Psychiatrist Dr. Anwant Chawla — who works at the two main local hospitals, Slidell Memorial Hospital and North Shore Regional Memorial Hospital, neither of which sustained serious storm damage – said he has seen a 50 percent increase in cases of psychological problems related to Hurricane Katrina and now has twice as many patients as he did before the storm.
“I have seen chronic insomnia, chronic depression and chronic pain,” he said. “It could be a result of all kinds of factors – the size of the storm, the severity, the loss, the family crisis, the financial crisis.”
About 23 percent of people in the states most impacted by the disaster – Louisiana, Alabama and Mississippi – have suffered from depression in the year since Hurricane Katrina, according to a USA Today/Gallup poll published last week.
Twenty-seven percent have grappled with anxiety, 26 percent with trouble sleeping and 18 percent with difficulties in marriages or relationships, the survey of 602 adults who registered with the Red Cross found.
All are symptoms of PSTD, according to Chawla, who said there are five phases patients suffering from the syndrome go through: denial, anger, bargaining (Why did this happen and not this?), depression and acceptance.
“You need to let those stages take their course,” he said. “I tell my patients it’s like graduating from each one of them, one at a time.”

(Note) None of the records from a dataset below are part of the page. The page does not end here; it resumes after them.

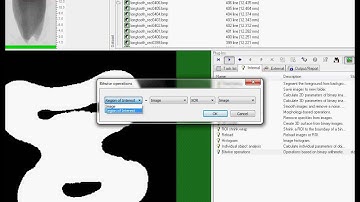 MicroCT analysis of the tooth, Part 1: the root canal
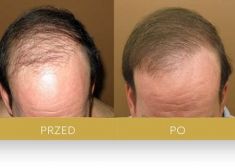 Hair Transplant - Photo before - Dr Turowski Hair Restoration Clinic
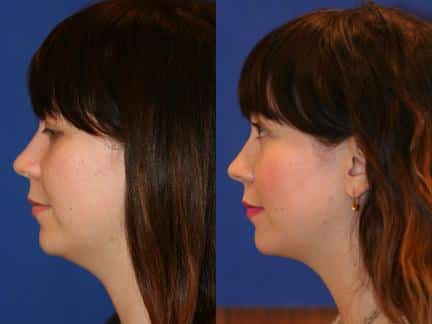 Neck liposuction to eliminate submental fat and improve the profile of a female patient by Dr. Miller. Surgery creates a smoother transition from the chin to the neck.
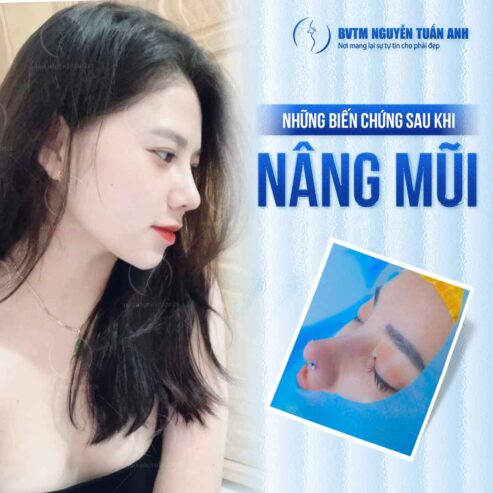 Những biến chứng có thể xảy ra sau khi nâng mũi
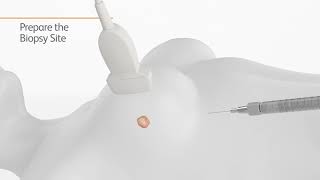 BD EleVation Breast Biopsy Instructional Video [upl. by Eiknarf]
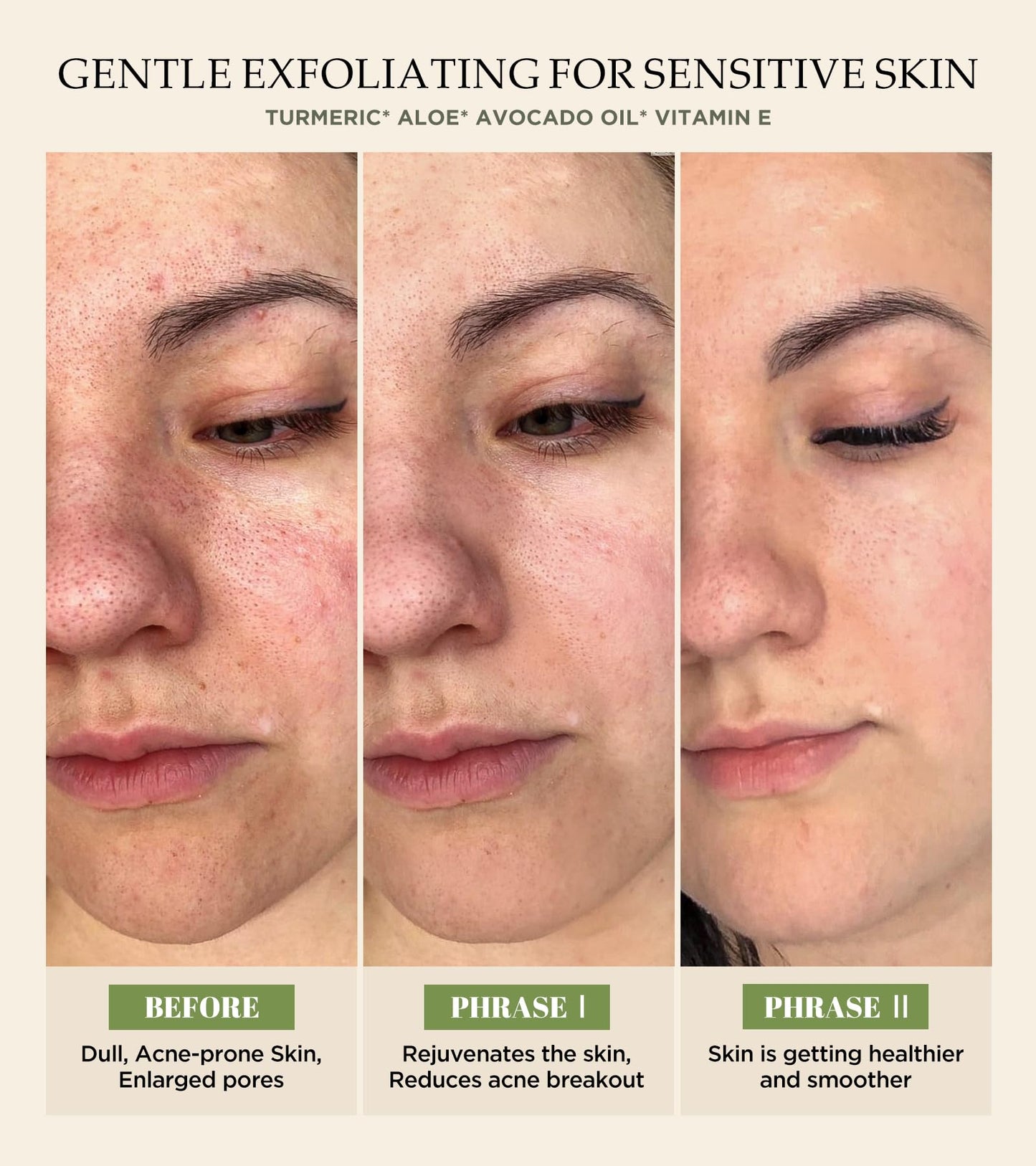 Vitamin C & Turmeric Face Scrub β Exfoliating Scrub for Face & Body, Anti-Aging, Clears Blackheads & Dark Spots, All Skin Types, 4.23 oz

The staff at the hospitals, both of which stayed operational in the aftermath of Katrina in spite of the fact that many employees had evacuated, also had difficulties coping with their own losses. Chawla set up a crisis intervention twice-daily group session for those at the hospitals who needed it and arranged for individual counseling when requested.
One doctor at Slidell Memorial slit her throat in front of her children, he said. He handles three times as many suicide attempt cases now as he did before.
“People are still suffering” a year later, he said.
Mayor Ben O. Morris believes the most underreported impact of the massive storm is the psychological one – or what he calls “the human toll.”
“The frustration and depression among affected people is not terribly evident, but it’s there,” he said. “The human toll is huge here, especially among the elderly.”
Jensen said almost all her friends have battled depression in some form or another in the year since Katrina.
“It was just kind of like having the rug pulled out from under you,” Jensen said. “It was the feeling of being displaced.”
The retired Bell South manager, usually an avid painter, lost all her artwork and paint supplies in her first-floor studio to the flooding. For a long time, she wasn’t able to pick up a brush or create anything.
Even after she and her husband returned to the Slidell area, she didn’t want to socialize or see anyone.
“I was just kind of withdrawn,” said the mother, grandmother and great-grandmother. “All I wanted to do was go sit in a corner. I was functional – I could do things around the house. But it makes you feel weak. That’s not how I am.”
Eventually, Jensen went to her doctor, who put her on antidepressants. She also got more involved in the Slidell Art League again and with a community group trying to secure federal money to rebuild the sinking wetlands. And she started attending weekly workshops held at the home of another artist friend, Barbara Gaines.
Little by little, she began to feel like herself again. She’s even done one painting that she’s entering in a competition for Art League members.
“Once I started taking medication, I started to come around again,” Jensen said. “And that’s where this little group of friends came in. There was a lot of talk about what had happened. It was talking to my friends about their problems and my problems that helped more than anything. I’m doing a lot better now.”
Like many residents of the most devastated areas, Jensen still feels anxious about the future and about the prospect of another major hurricane – especially because she feels less protected from the elements now than before Katrina.
But she also knows she is lucky, and she’s begun to have hope again.
“The only thing I can look back on that might have caused it is I’ve been spoiled with a very good life,” she said. “You have to get up and get back. We’re very fortunate.”